## STUDY MATERIAL
● ● ● ● ●
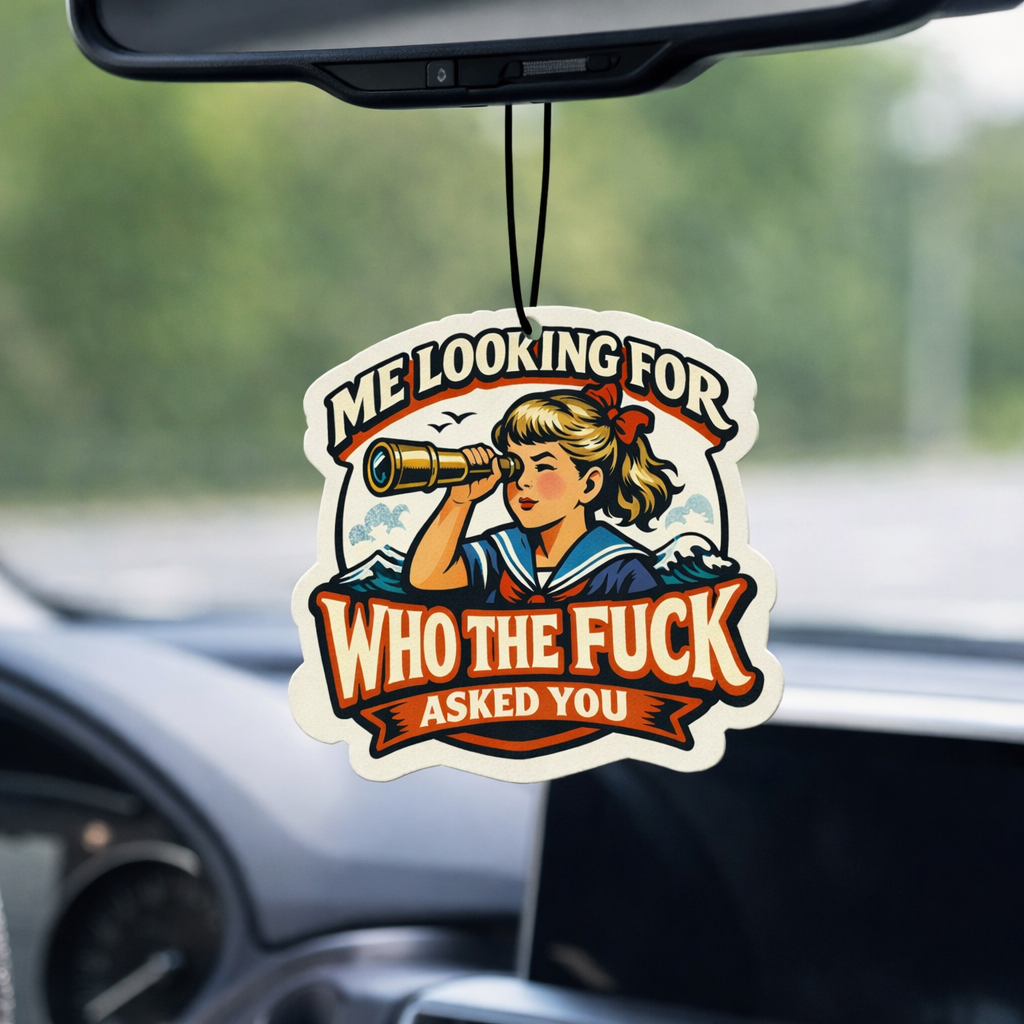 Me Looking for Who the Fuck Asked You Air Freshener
● ● ● ● ●
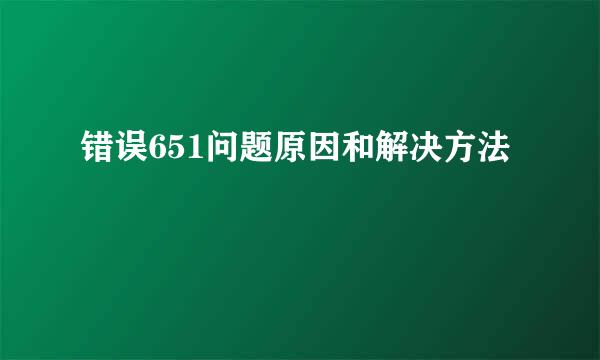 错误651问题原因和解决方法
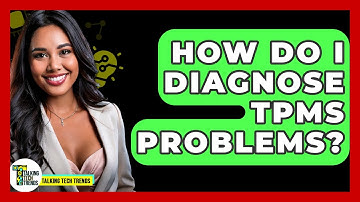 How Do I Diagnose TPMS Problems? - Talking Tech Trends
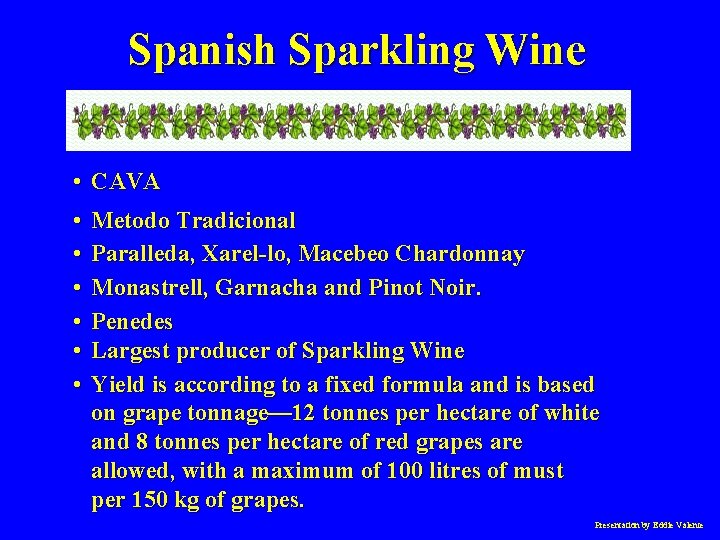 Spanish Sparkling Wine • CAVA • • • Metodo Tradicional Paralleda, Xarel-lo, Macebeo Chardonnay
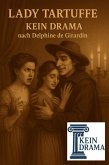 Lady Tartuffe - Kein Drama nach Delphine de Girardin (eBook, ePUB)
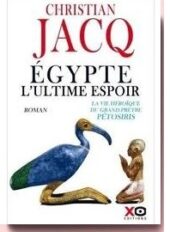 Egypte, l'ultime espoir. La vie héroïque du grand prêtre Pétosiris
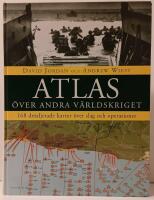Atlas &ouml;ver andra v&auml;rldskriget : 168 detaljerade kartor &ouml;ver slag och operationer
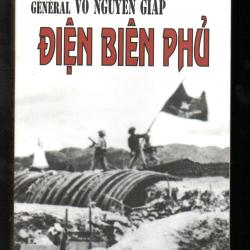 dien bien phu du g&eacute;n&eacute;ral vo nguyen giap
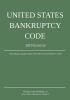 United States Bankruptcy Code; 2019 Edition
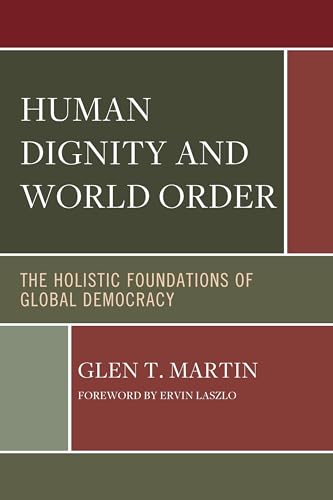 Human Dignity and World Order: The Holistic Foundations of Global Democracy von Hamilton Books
● ● ● ● ●
## EXERCISE AIM
Look above for the line with "Egypte, l'ultime espoir." and copy exactly from it through the line with "Human Dignity and", both included. Omit the pictures.

## RESPONSE AREA
 Egypte, l'ultime espoir. La vie héroïque du grand prêtre Pétosiris
Atlas &ouml;ver andra v&auml;rldskriget : 168 detaljerade kartor &ouml;ver slag och operationer
 dien bien phu du g&eacute;n&eacute;ral vo nguyen giap
 United States Bankruptcy Code; 2019 Edition
 Human Dignity and World Order: The Holistic Foundations of Global Democracy von Hamilton Books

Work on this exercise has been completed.